I switched and kept. Had that Kipnis already. Many contestants now so two rounds more with 3 each. 4 min. each. Happy people love this song like I do!


----------



## Seattleoperafan (Mar 24, 2013)

Tsaraslondon said:


> I'm beginning to think I might prefer a man singing this song. I came across these two which I really liked.
> 
> Fischer-Dieskau singing in 1959. (There's a later version from 1974 which isn't as good.)
> 
> ...


Added DFD and Baker. Huge contest now so two more rounds with 3 contestants 4 min. each song appox . Hope that is ok. It pleases me that many of you are passionate about this song. I like mixing up the sexes, too.


----------



## Tsaraslondon (Nov 7, 2013)

Seattleoperafan said:


> Added DFD and Baker. Huge contest now so two more rounds with 3 contestants 4 min. each. Hope that is ok.


Sorry. It's just one of those songs that stays with you. I have the Wunderlich, but was trying to remember whom else I hd singing it and a search brought up all these possibilities! I also came across one by Lotte Lehmann, but I should probably stop now.


----------



## Tsaraslondon (Nov 7, 2013)

Sorry I really will stop now, but I suddenly remembered whom else I had singing the song. Maggie Teyte is one of my favourite singers, probably better known for her singing of French songs. Few people seem to have heard of her these days, but she was Debussy's choice to replace Mary Garden in *Pelléas et Mélisande *and he actually coached her in the role.


----------



## Seattleoperafan (Mar 24, 2013)

Tsaraslondon said:


> Sorry I really will stop now, but I suddenly remembered whom else I had singing the song. Maggie Teyte is one of my favourite singers, probably better known for her singing of French songs. Few people seem to have heard of her these days, but she was Debussy's choice to replace Mary Garden in *Pelléas et Mélisande *and he actually coached her in the role.

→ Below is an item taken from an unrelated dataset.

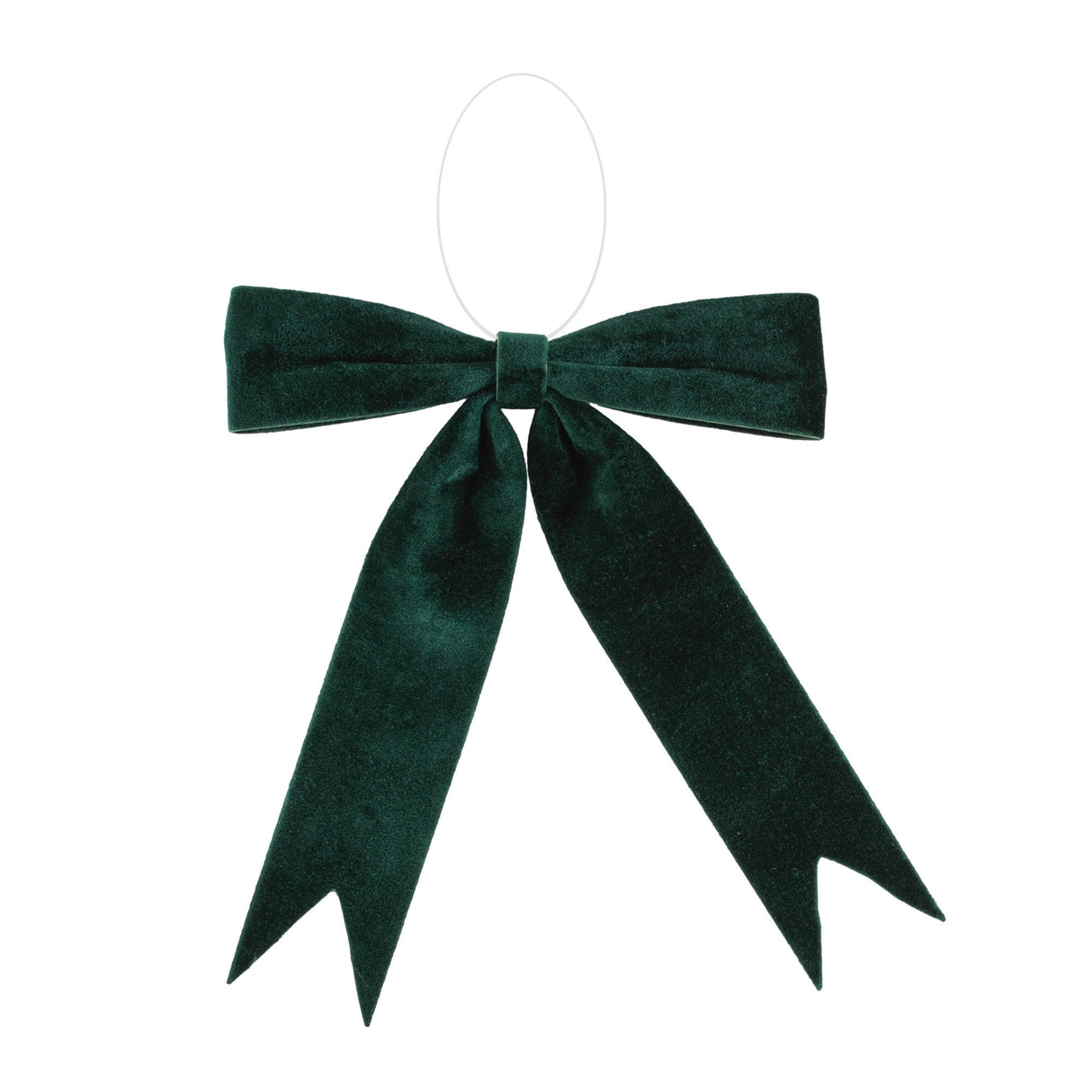 Emerald-green-holiday-bow-(set-of-2)-Seasonal-&-Holiday-Decor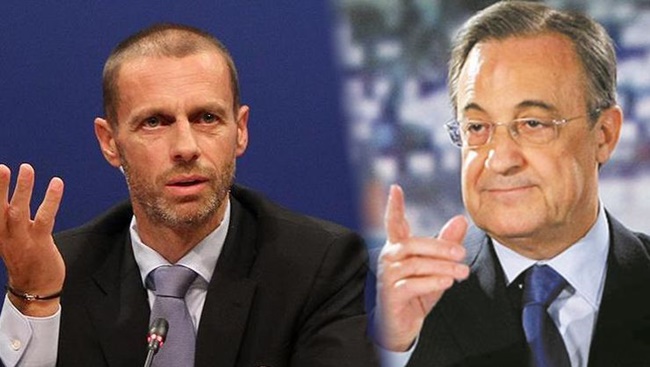 Perez bị chủ tịch UEFA đá đểu vì muốn mua Mbappe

I added a new contest of Beau Soir with her, Amyling, Souzay and Streisand. Will that work? I didn't have any French songs.


----------



## BBSVK (10 mo ago)

So I have finally heard something by Marian Anderson ! 
I have a thing for deep female voices, she wins !


----------



## BBSVK (10 mo ago)

ScottK said:


> Lovely though it is, the song did not grab me


Me neither, but I attributed it to eating too many peanuts


----------



## Seattleoperafan (Mar 24, 2013)

BBSVK said:


> So I have finally heard something by Marian Anderson !
> I have a thing for deep female voices, she wins !


Just you wait!!!!!! I have something up my sleeve for you!!!!!


----------